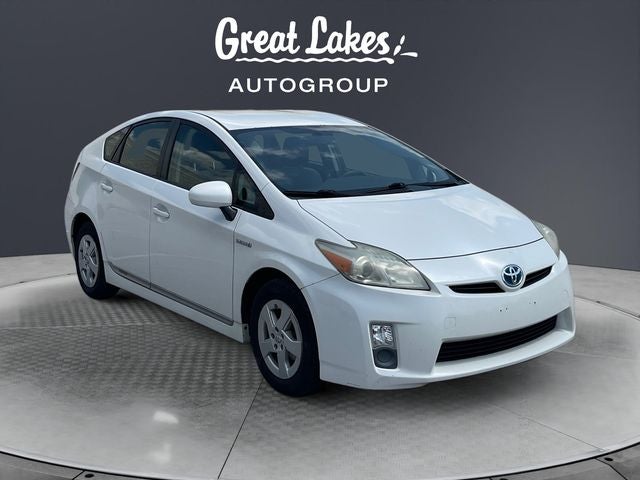 2011 Toyota PRIUS Three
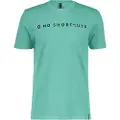 SCOTT No Shortcuts Kortarmet T-skjorte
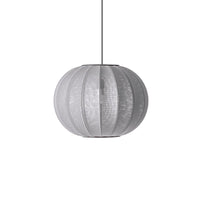 Made by Hand Knit-Wit 45 Round Pendant Light | All Square Lighting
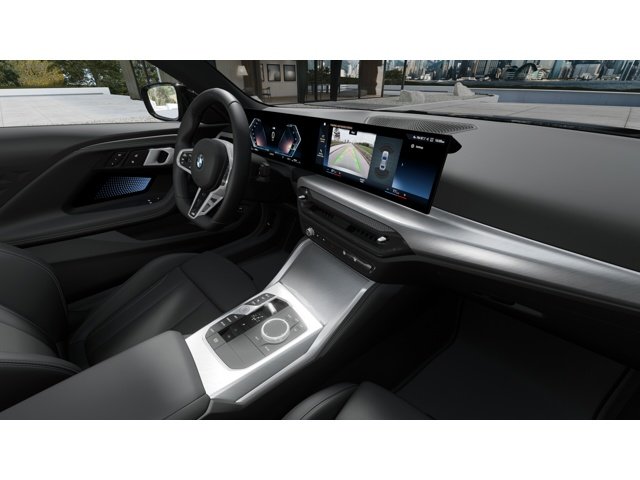 New 2026 Black Sapphire Metallic BMW 230i image 14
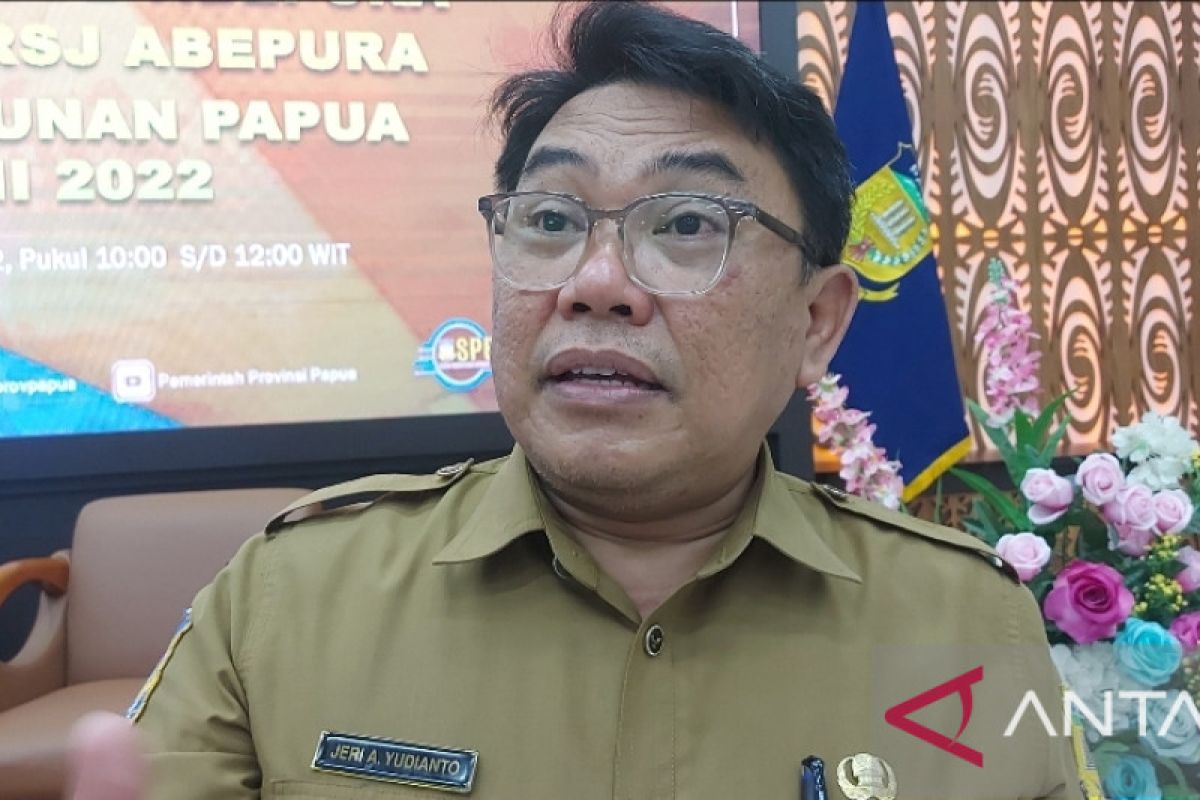 Pemprov Papua harap HUT Pekabaran Injil dapat pererat rasa kebersamaan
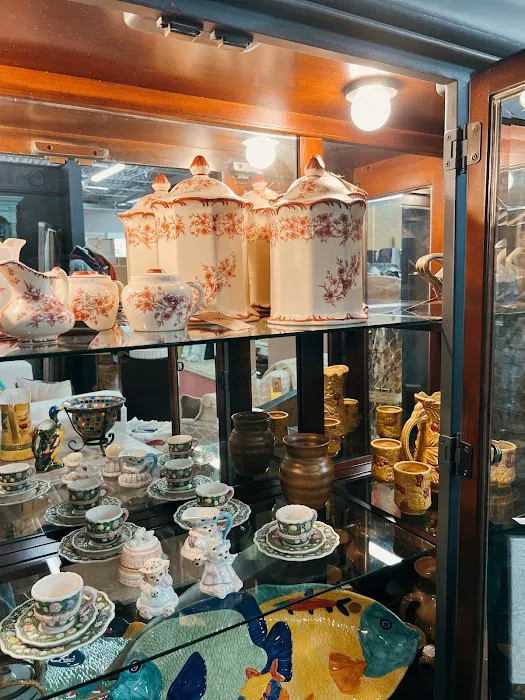 Dan River Antiques 2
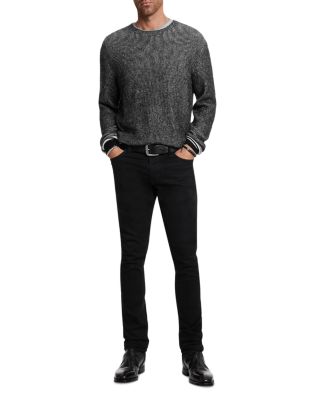 Tomar Regular Fit Ribbed Sweater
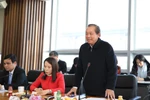 Tăng cường kiểm tra, phòng chống tham nhũng tại Thành phố Hồ Chí Minh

-=-=-

== WORK ORDER ==
Restate each of the entries above word for word and skip every image.

== ANSWER AREA ==
 2011 Toyota PRIUS Three
 SCOTT No Shortcuts Kortarmet T-skjorte
 Made by Hand Knit-Wit 45 Round Pendant Light | All Square Lighting
 New 2026 Black Sapphire Metallic BMW 230i image 14
 Pemprov Papua harap HUT Pekabaran Injil dapat pererat rasa kebersamaan
 Dan River Antiques 2
 Tomar Regular Fit Ribbed Sweater
 Tăng cường kiểm tra, phòng chống tham nhũng tại Thành phố Hồ Chí Minh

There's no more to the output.